Brief descriptive captions
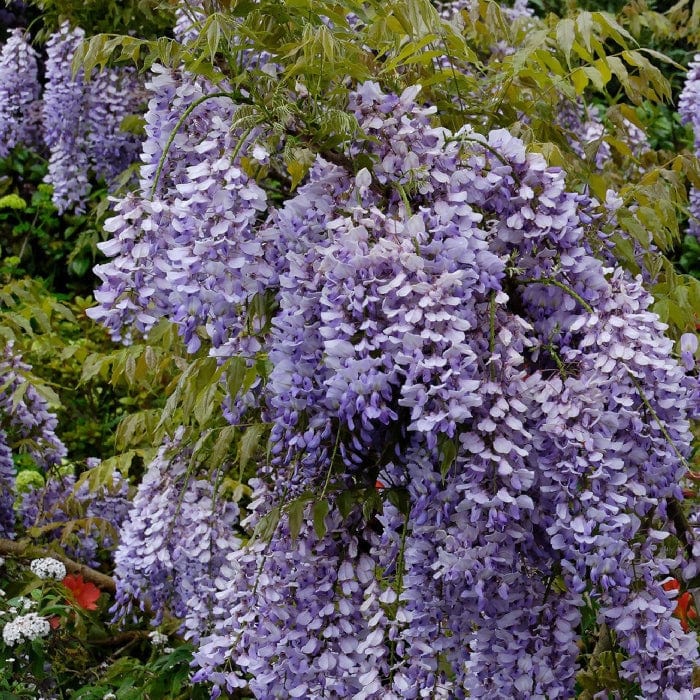 Chinese Wisteria | Wisteria sinensis 'Caroline'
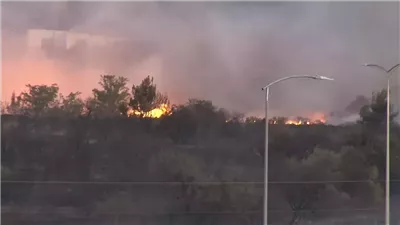 جحيم لوس أنجلوس، البرق والجفاف واحتكاك الأشجار أبرز أسباب اشتعال حرائق الغابات كل عام 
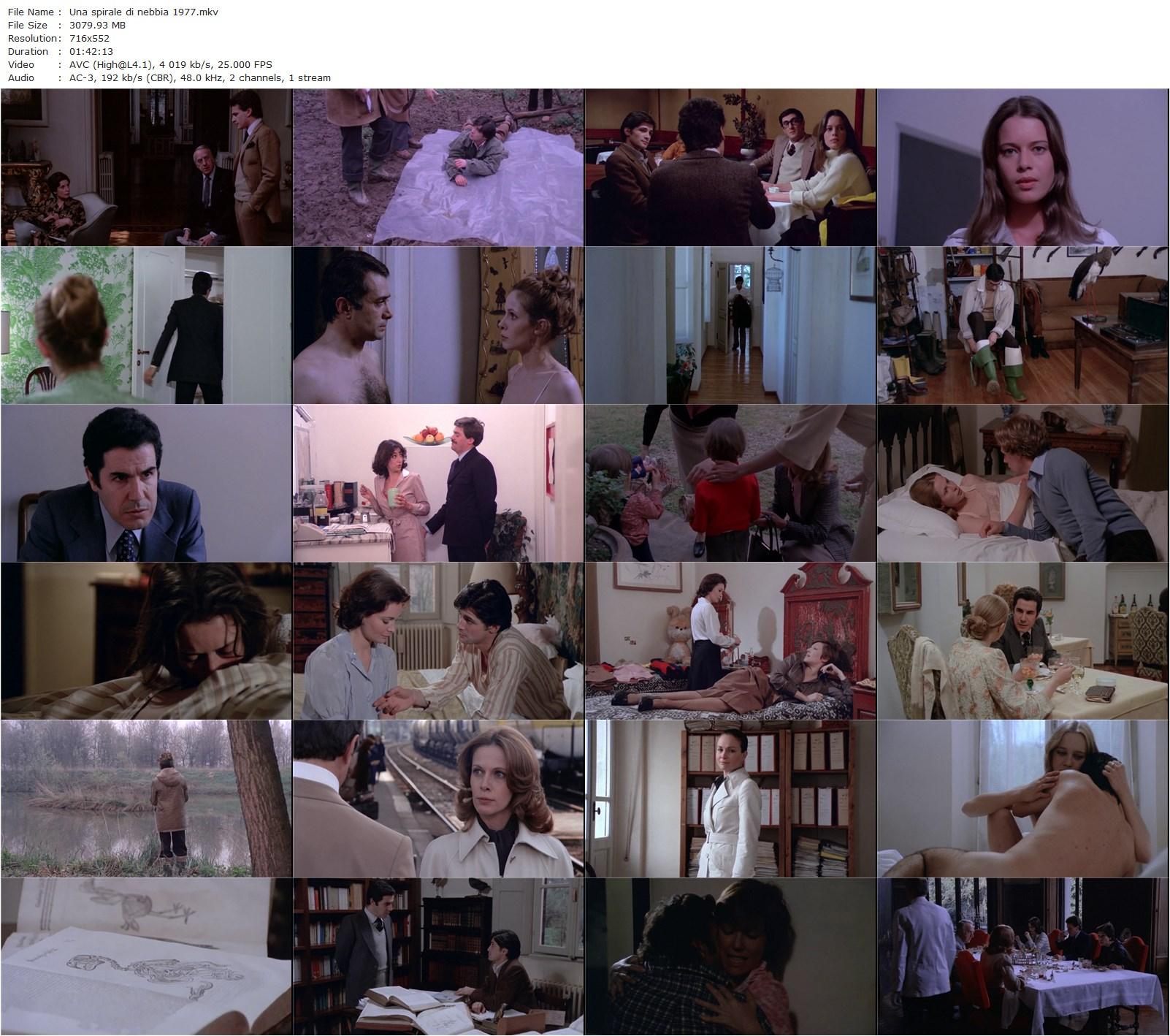 A Spiral of Mist AKA Una spirale di nebbia (1977) Eriprando Visconti, Marc Porel, Claude Jade, Carole Chauvet-poster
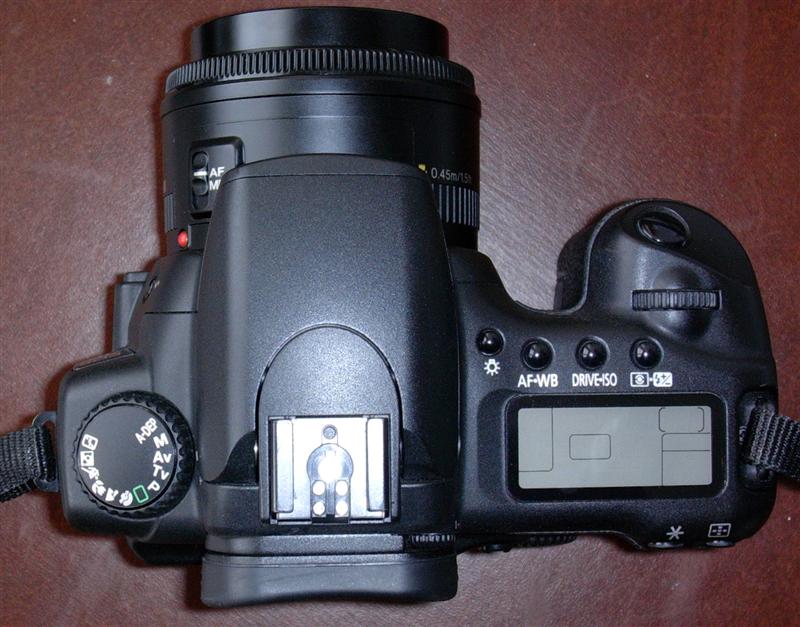 20d_2__medium__539.jpg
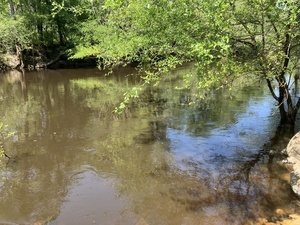 [Upstream, Troupville Boat Ramp, Little River @ GA 133 2025-04-09]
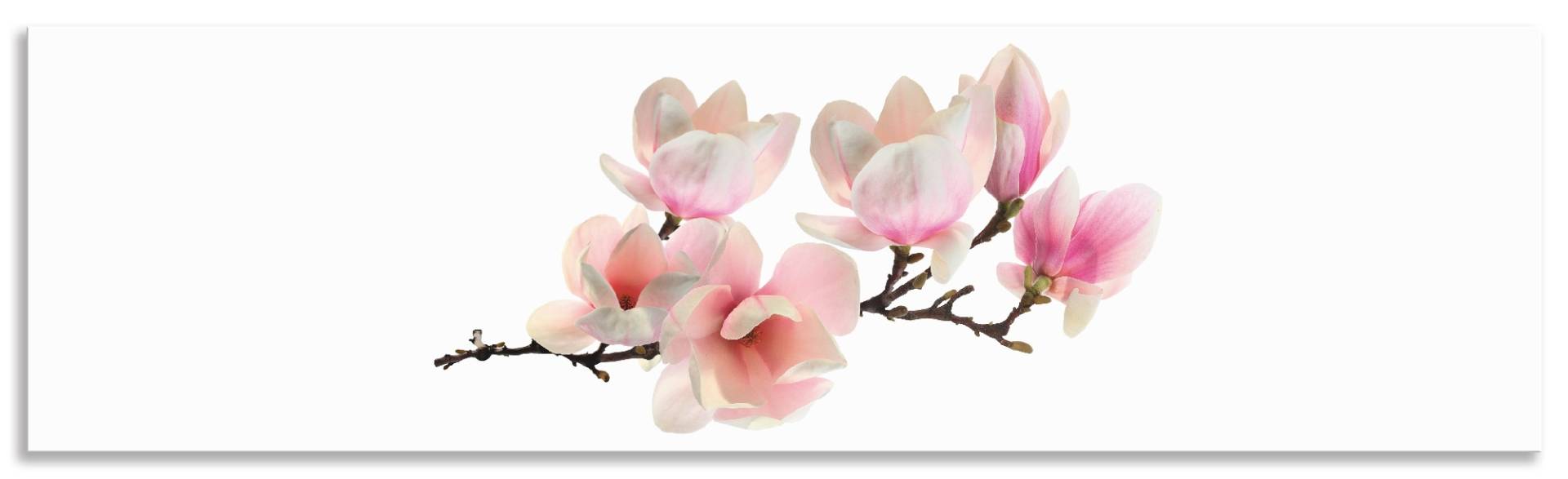 Artland Küchenrückwand »Magnolie«, (1 tlg.), Alu Spritzschutz mit Klebeband, einfache Montage von Artland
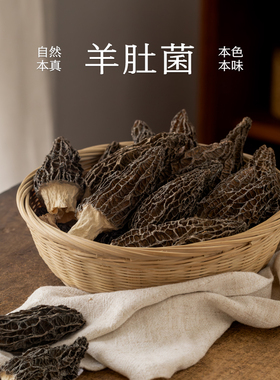 南食召 羊肚菌 大朵鲜香·菌肉厚实 羊肚菌菌菇干货干净无杂质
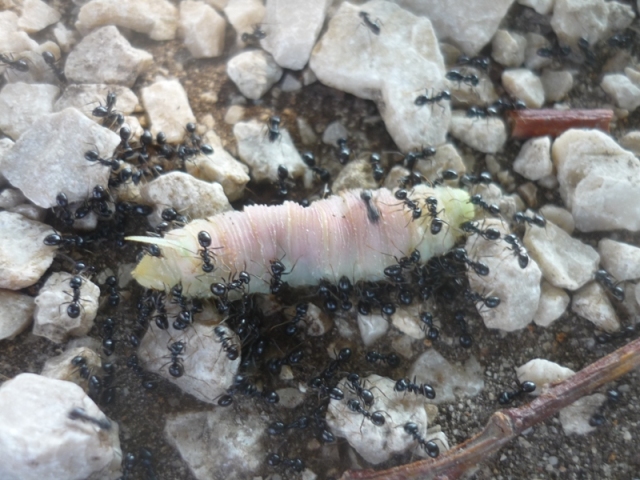 bruco sphingidae
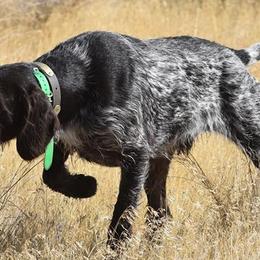 German Wirehaired Pointers from Straight to the Point Kennels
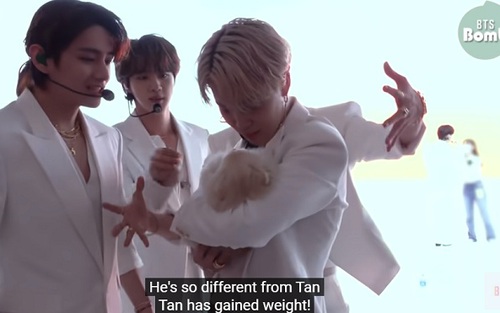 Fan ghen tị với chú cún được BTS cưng hết mực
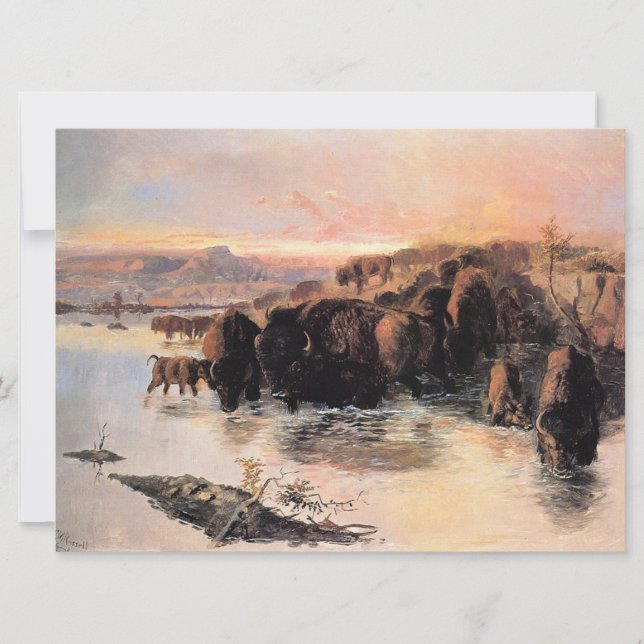Buffalo Herd Card (Front)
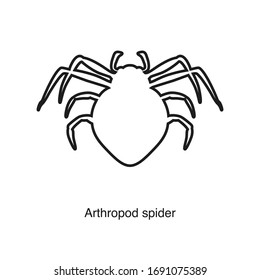 Arthropod spider icon vector on white background. Black icon illustration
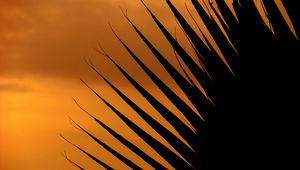 Preview wallpaper palm tree, leaf, silhouette, sunset, dark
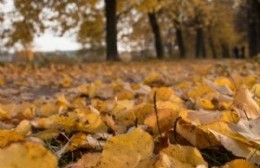 Hojas secas: importante fuente de materia orgánica fibrosa para utilizar como nutriente del suelo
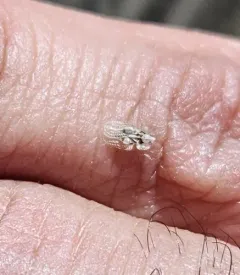 Eastern Sycamore Lace Bug thumbnail 4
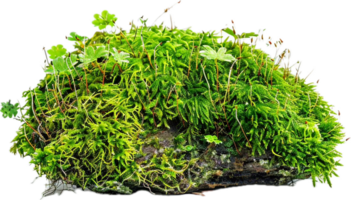 Lush Green Moss and Plants on Rock png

> [About this exercise]: Return exactly the stretch above whose first line contains "German Wirehaired Pointers" and whose last line contains "Preview wallpaper palm", and nothing outside it. The pictures should not appear.

> [Answer box]:
 German Wirehaired Pointers from Straight to the Point Kennels
 Fan ghen tị với chú cún được BTS cưng hết mực
Buffalo Herd Card (Front)
 Arthropod spider icon vector on white background. Black icon illustration
 Preview wallpaper palm tree, leaf, silhouette, sunset, dark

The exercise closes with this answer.